▶ **What to work on**: Print the lines of the entries below from the one with "Plante artificielle pour" through the final line, exactly as they appear. The pictures are not part of the copy.

▶ **Excerpted records**:

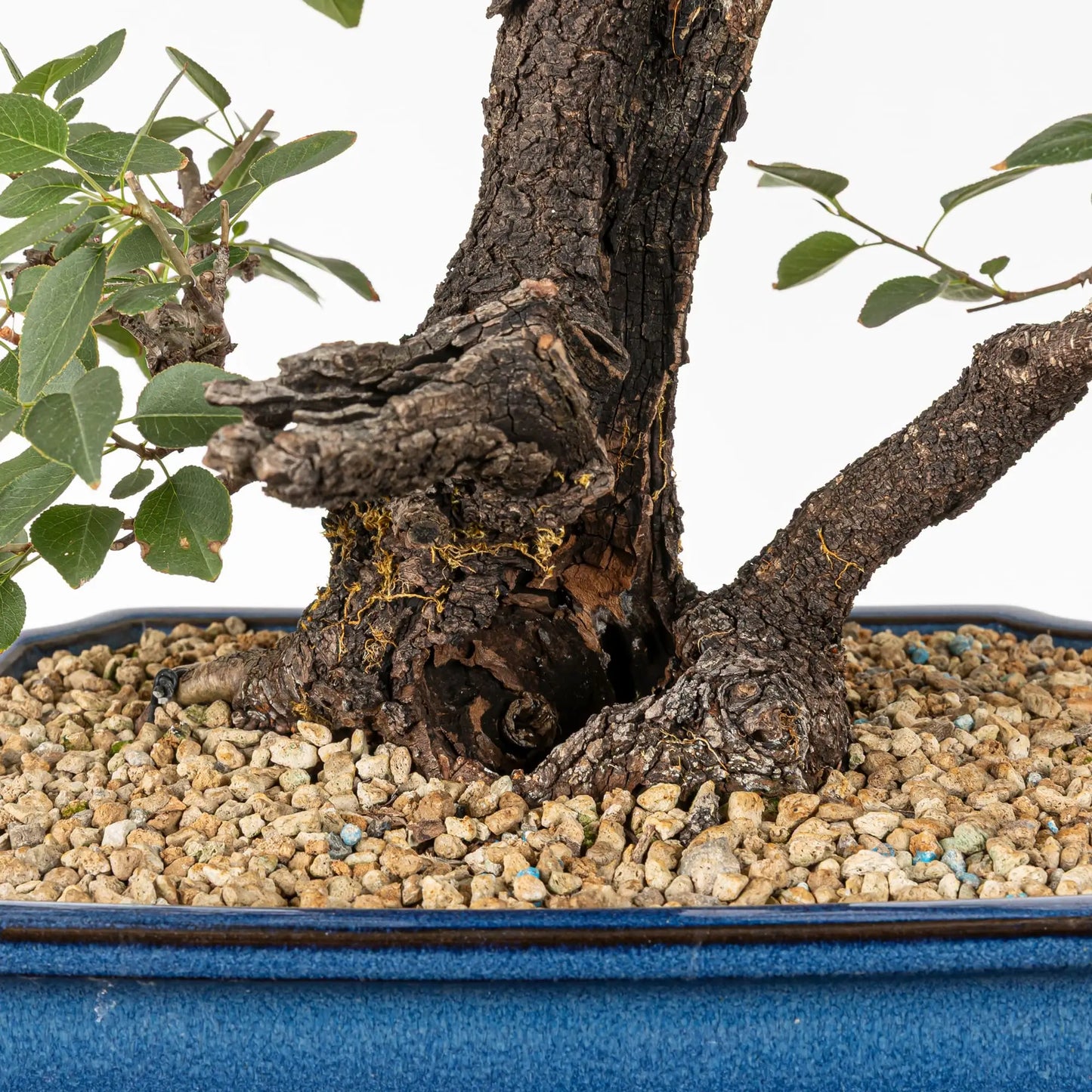 Detalle de base, nebari, shari  y corteza de bonsai de mahaleb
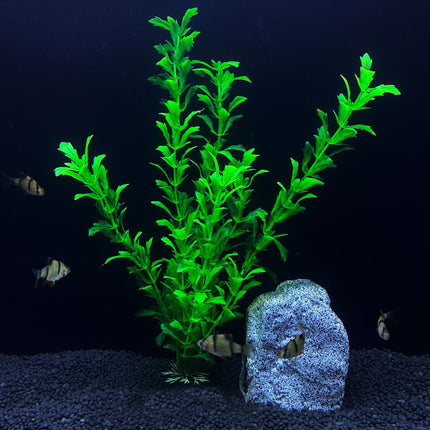 Plante artificielle pour aquarium de 30 cm de haut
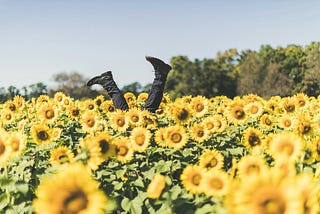 Dark jeaned lower legs and booted feet sticking up from a field of sunflowers.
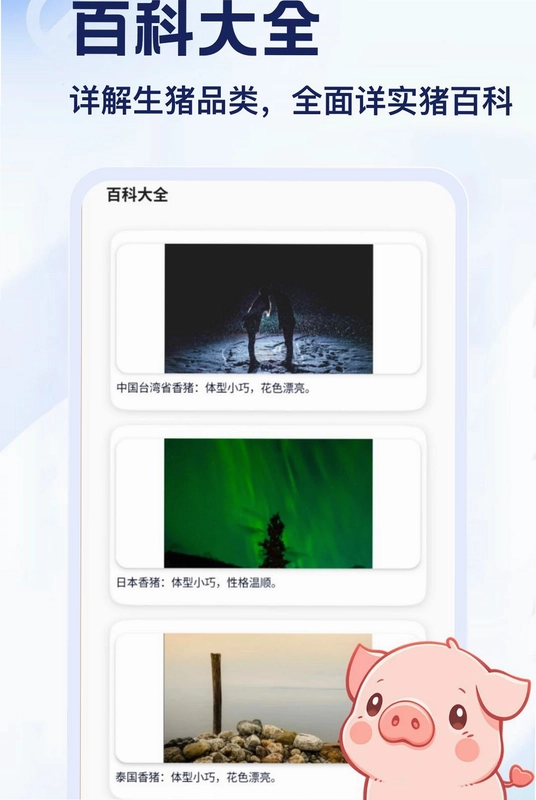 猪了又猪预览图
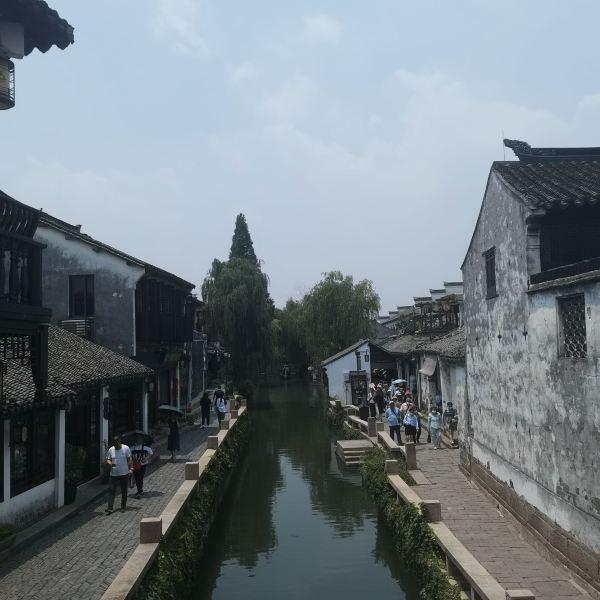 救援怒吼的狮子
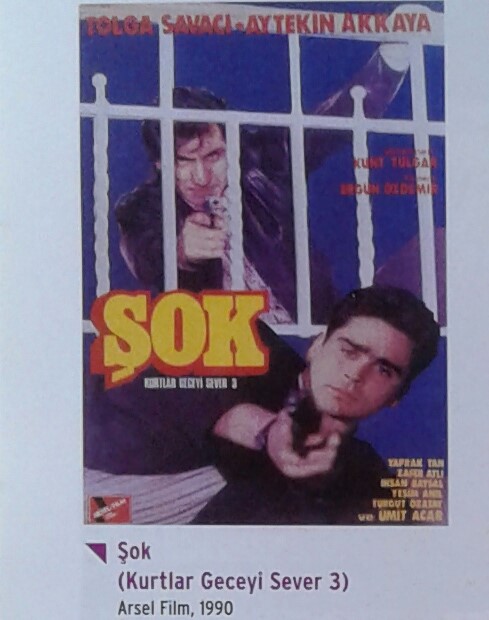 Kurtlar Geceyi Sever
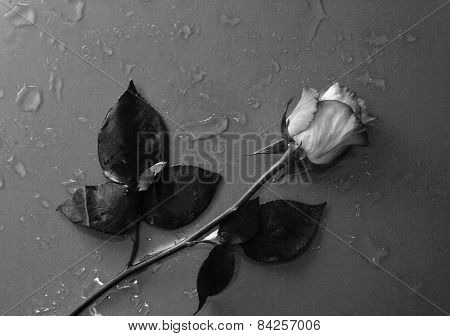 rose flower lying on water droped background in black and white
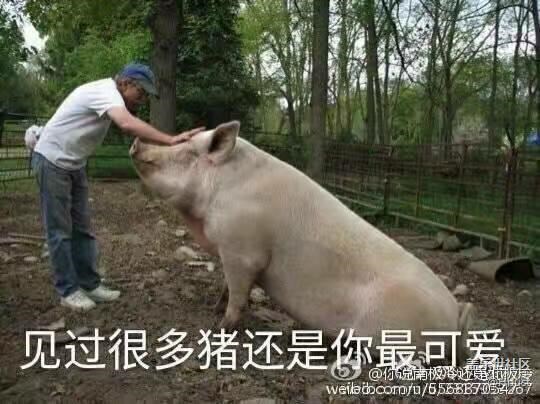 三星坑我不淺
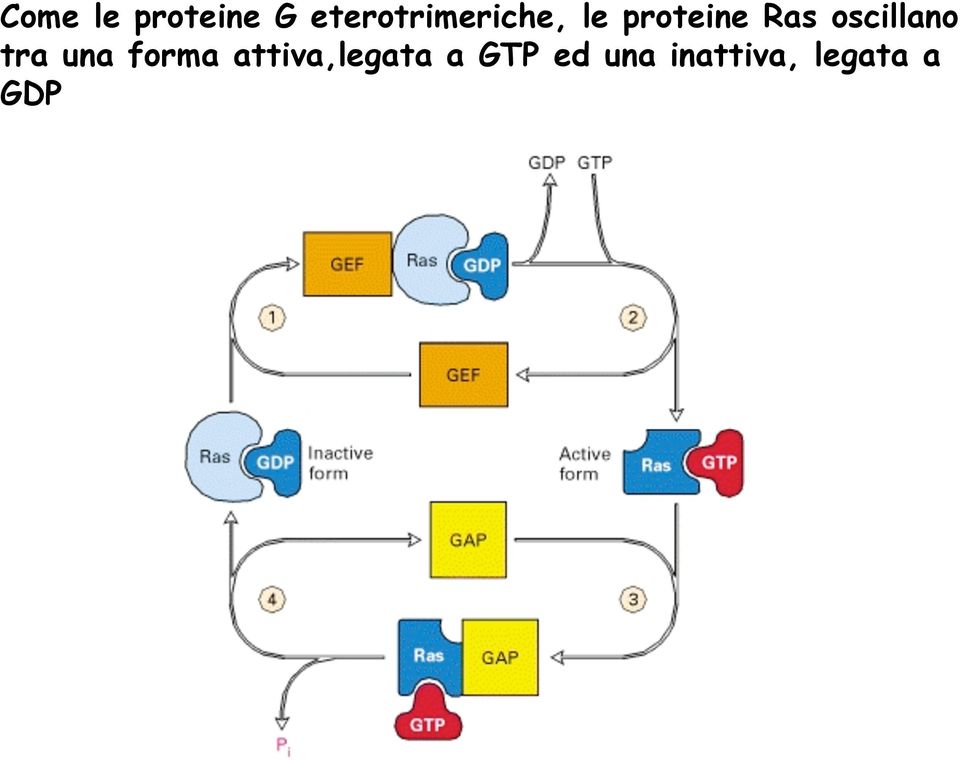 Ras oscillano tra una forma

▶ **Your solution**:
 Plante artificielle pour aquarium de 30 cm de haut
 Dark jeaned lower legs and booted feet sticking up from a field of sunflowers.
 猪了又猪预览图
 救援怒吼的狮子
 Kurtlar Geceyi Sever
 rose flower lying on water droped background in black and white
 三星坑我不淺
 Ras oscillano tra una forma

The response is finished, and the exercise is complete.